As Josh Marshall said,
[t]hat claim alone should stop everyone in their tracks and prompt a serious consideration of the safety of the American republic under this president. It is the very definition of a constitutional monarchy, let alone a constitutional republic, that the law is superior to the executive, not the other way around.
The Supreme Court is expected to rule soon on the cases of Jose Padilla and detainees at Gitmo to address the question of the president's authority to hold people as "enemy combatants" without recourse to the courts. We already knew there was a lot riding on those decisions - now it seems that there is even more riding on them than we knew.

Update: From Reuters comes news that the Washington Post reports on Tuesday that it has obtained an earlier memo, from August 2002, in which the Justice Department offered the White House justification for the use of torture against suspected al-Qaeda prisoners.
The memo said if a government employee were to torture a suspect in captivity, "he would be doing so in order to prevent further attacks on the United States by the al Qaeda terrorist network," the newspaper reported.
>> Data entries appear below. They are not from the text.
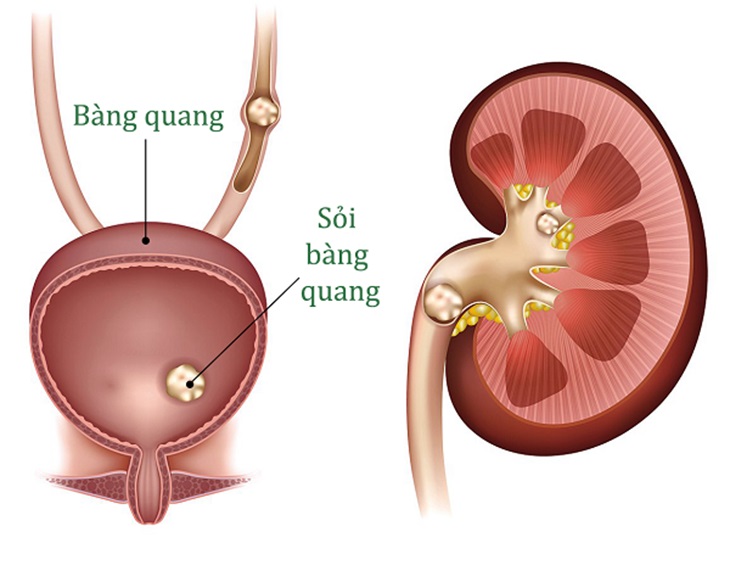 Hình ảnh mô phỏng sỏi bàng quang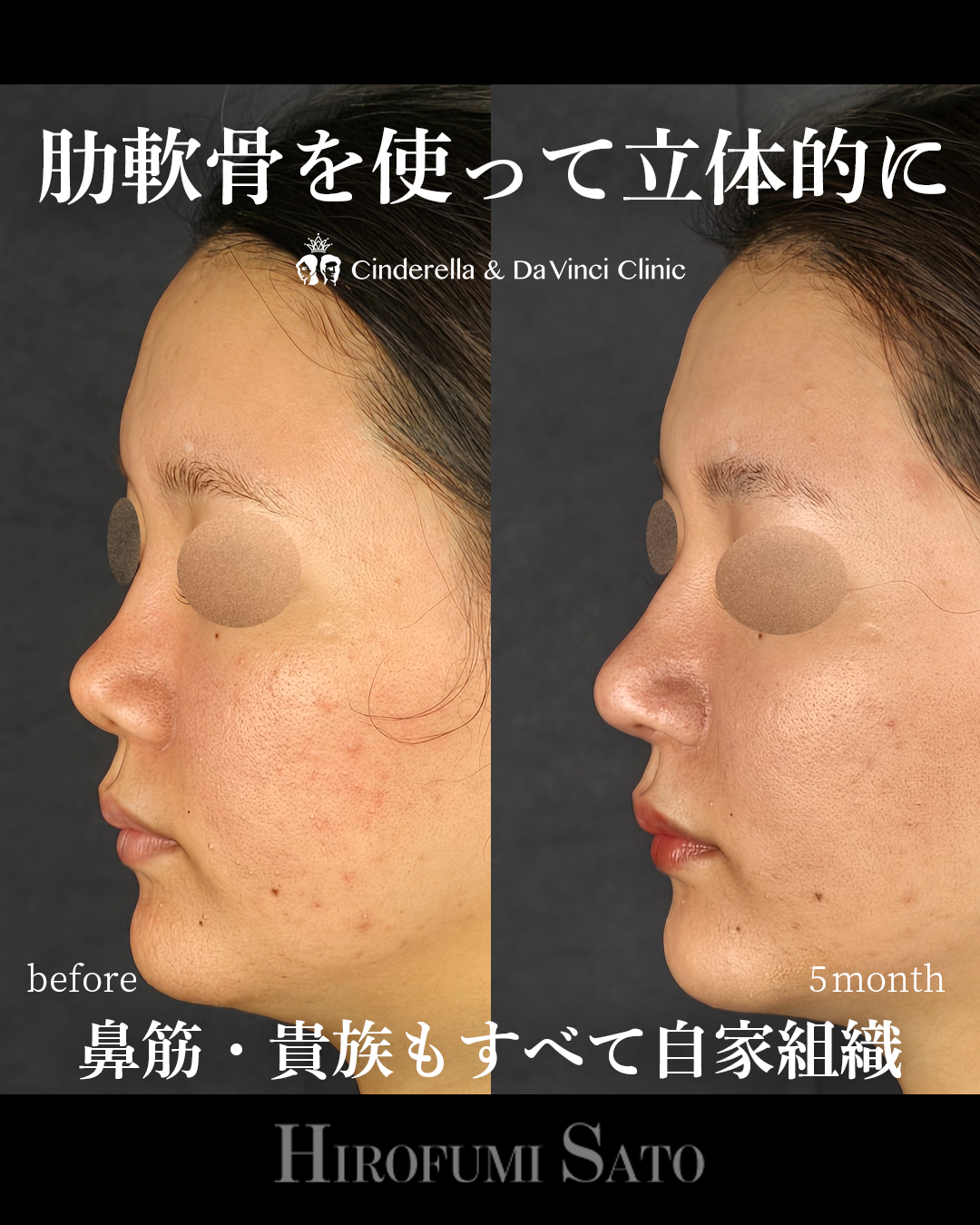 鼻を長く立体的にの画像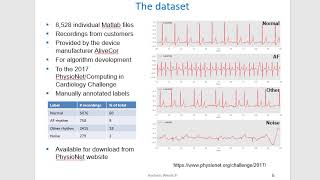 Convolutional neural network for ECG classification [upl. by Joyan]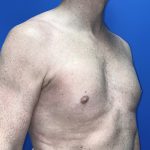 Poland Syndrome Before & After Patient #5758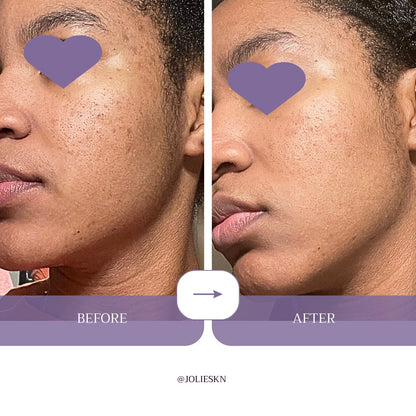 Vitamin C + Amino Acids Serum - JolieSKN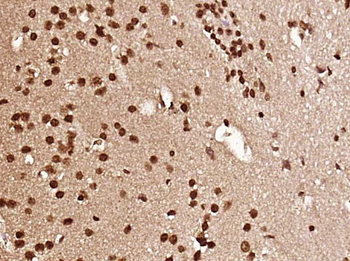 LMO1 Rabbit Polyclonal Antibody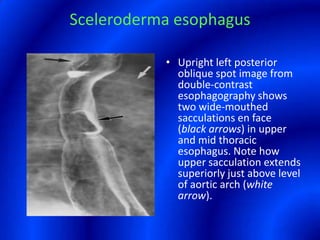 Sceleroderma esophagusUpright left posterior oblique spot image from double-contrast esophagography shows two wide-mouthed sacculations en face (black arrows) in upper and mid thoracic esophagus. Note how upper sacculation extends superiorly just above level of aortic arch (white arrow).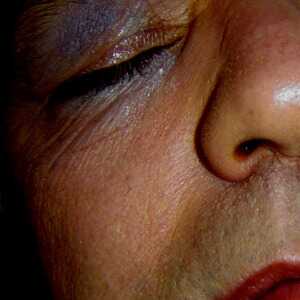 username, area photo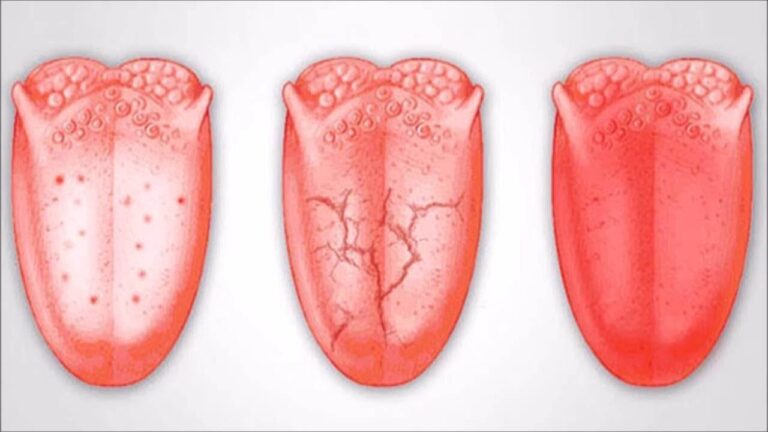 7 Surprising Health Signs Your Tongue Can Reveal About You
The memo also said that arguments centering on "necessity and self-defense could provide justifications that would eliminate any criminal liability" later, according to the Post.
The similiarity of argument indicates to me that the DOJ memo was incorporated into the later document. Which means this wasn't a new thing last year, it was kicking around, under development you could say, for a time.

Oh, and in case you're wondering what brought this up, Reuters also notes that according the the Journal story, the Pentagon report,
compiled by military lawyers, came after commanders at Guantanamo Bay complained in late 2002 that they were not getting enough information from prisoners using conventional methods....
"We're Americans. We don't do that stuff. Well, of course, unless other ways don't work. Then we do. But it's okay if we do, because we're Americans and we don't do that stuff."

Second Update: The New York Times has also gotten hold of the March 2003 memo; its story contains some additional information beyond, and a wider context than, that in the Journal article.